А на фортепьяно — старые фотографии в рамках.

С одной из них смотрит мальчик с волосами из пуха,

пятилетний, в длинных шортах на лямках,

а в руке он держит зайца плюшевого за ухо.

 

— Сын? — спрашивает врач скорой помощи, указывая на фото.

— Отец, — тяжело вздыхает немолодая женщина. Постарела рано…

А старик костерит и ее, и медработников, и еще кого-то,

кого он потусторонним взглядом видит с дивана.

А когда садится, смотрит вполоборота

и особенно ненавидит мальчика с зайцем, глядящего с фортепьяно.

 

Словно тот обманул его! Посулил одно, а вышло криво, горбато.

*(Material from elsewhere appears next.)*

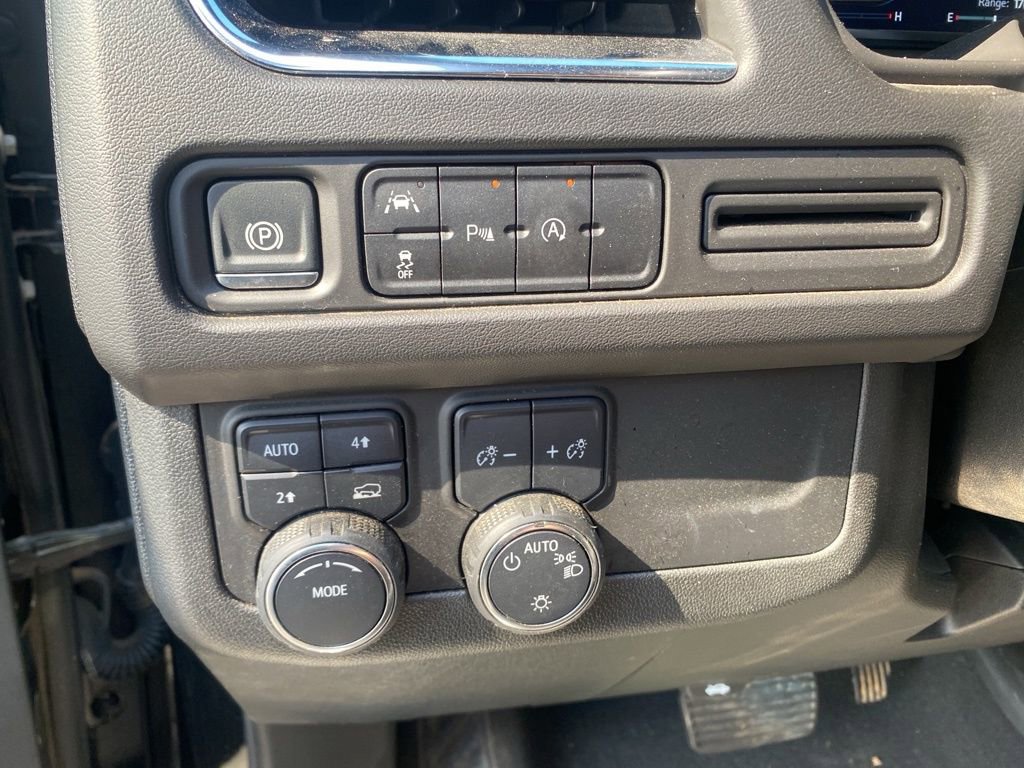 Used 2024 Chevrolet Tahoe LT image 16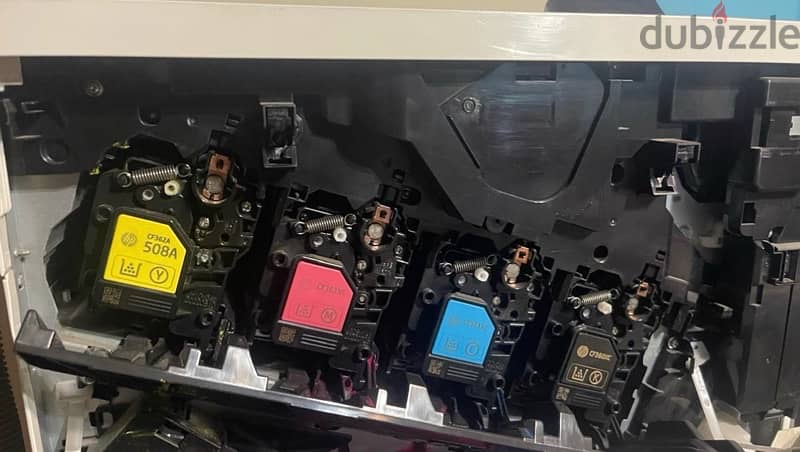 HP peinter laser color M553m 2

Достались от жизни опивки одни, обмылки,

как в голове у этого зайца труха, опилки и вата.

Жена эти уши потом использовала как тряпки, мыла ими бутылки.

А мальчик с зайцем всё сияет в лучах заката,

будто не видит, как старика кладут на носилки.

 

— Что ты красуешься передо мной! — усильем воли последней

взором скользит по фото старик, но грудная клетка

надрывается кашлем, пахнет валокордином.

Уже в передней

так он кричит, что за стеной вскидывается соседка:

— Знать я твоих не желаю розовых бредней

и обличений безгласных твоих, малолетка!

 

Но мальчик с зайцем не слышит его. Невинно

он смотрит фотографу в объектив, боясь рассмеяться,

иль нос почесать некстати, иль скорчить мину,

иль зайца к груди прижать, как родного братца.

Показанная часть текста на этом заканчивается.